Re: [Pytables-users] PyTables data files for a tutorial

2012-10-21 Thread Anthony Scopatz
Hello Francesc,

I look forward to your pydata hearing how your tutorial goes!

Here [1] is a file that stores some basic nuclear data that is freely
redistributable.  It stores atomic weights, bound neutron scattering
lengths, and pre-compiled neutron cross sections (xs) for 5 different
energy regimes.  Everything in here is a table.  The file is rather
(at about 165 kb).  There are integer, float, and complex columns.

I hope that this helps!

Be Well
Anthony

1. https://s3.amazonaws.com/pyne/prebuilt_nuc_data.h5

On Sun, Oct 21, 2012 at 10:41 AM, Francesc Alted wrote:

> Hi,
>
> I'm going to give a tutorial on PyTables next Thursday during the PyData
> conference in New York (http://nyc2012.pydata.org/) and I'd like to use
> some real life data files.  So, if you have some public repository with
> data generated with PyTables, please tell me.  I'm looking for files
> that are not very large (< 1GB), and that use the Table object
> significantly.  A small description of the data included will be more
> that welcome too!
>
> Thanks!
>
> --
> Francesc Alted
>
>
>
> --
> Everyone hates slow websites.

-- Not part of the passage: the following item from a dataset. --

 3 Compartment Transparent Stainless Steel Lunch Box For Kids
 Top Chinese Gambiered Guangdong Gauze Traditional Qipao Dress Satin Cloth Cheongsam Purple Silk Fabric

So do we.
> Make your web apps faster with AppDynamics
> Download AppDynamics Lite for free today:
> http://p.sf.net/sfu/appdyn_sfd2d_oct
> ___
> Pytables-users mailing list
> Pytables-users@lists.sourceforge.net
> https://lists.sourceforge.net/lists/listinfo/pytables-users
>
--
Everyone hates slow websites. So do we.
Make your web apps faster with AppDynamics
Download AppDynamics Lite for free today:
http://p.sf.net/sfu/appdyn_sfd2d_oct___
Pytables-users mailing list
Pytables-users@lists.sourceforge.net
https://lists.sourceforge.net/lists/listinfo/pytables-users


Re: [Pytables-users] PyTables data files for a tutorial

2012-10-21 Thread Andy Wilson
On Sun, Oct 21, 2012 at 10:41 AM, Francesc Alted  wrote:

> Hi,
>
> I'm going to give a tutorial on PyTables next Thursday during the PyData
> conference in New York (http://nyc2012.pydata.org/) and I'd like to use
> some real life data files.  So, if you have some public repository with
> data generated with PyTables, please tell me.  I'm looking for files
> that are not very large (< 1GB), and that use the Table object
> significantly.  A small description of the data included will be more
> that welcome too!
>
> Thanks!
>
> --
> Francesc Alted



Hi Francesc.

I've been working on a library for accessing climatology data that
uses pytables to cache data from the USGS. It could easily be used to
create a sample dataset for some area of interest. File size is
determined by how much data gets queried.


The general layout is:

/usgs/sites
- the sites table contains information and metadata about a site


/usgs/values///
- a table containing all the timeseries data for each site and
parameter is created as data are queried
- parameter codes are a bit obscure but a dict with descriptive
metadata stashed at table.attrs.variable
- the datetime column has a CSIndex on it and stored as as a string
because some sites have data prior to the year 1901
- pretty inefficient in terms of disk space (lots of large-ish string
columns) because it handles a very general class of data types


Here's what the code would look like to download and create the hdf5
file for 10 random sites in New York:

import ulmo

# the default location for the hdf5 file is OS dependent, so provide
the path you want to use
hdf5_file_path = './usgs_data.h5'

# get list of sites in NY
ulmo.usgs.pytables.update_site_list(state_code='NY', path=hdf5_file_path)
sites = ulmo.usgs.pytables.get_sites(path=hdf5_file_path)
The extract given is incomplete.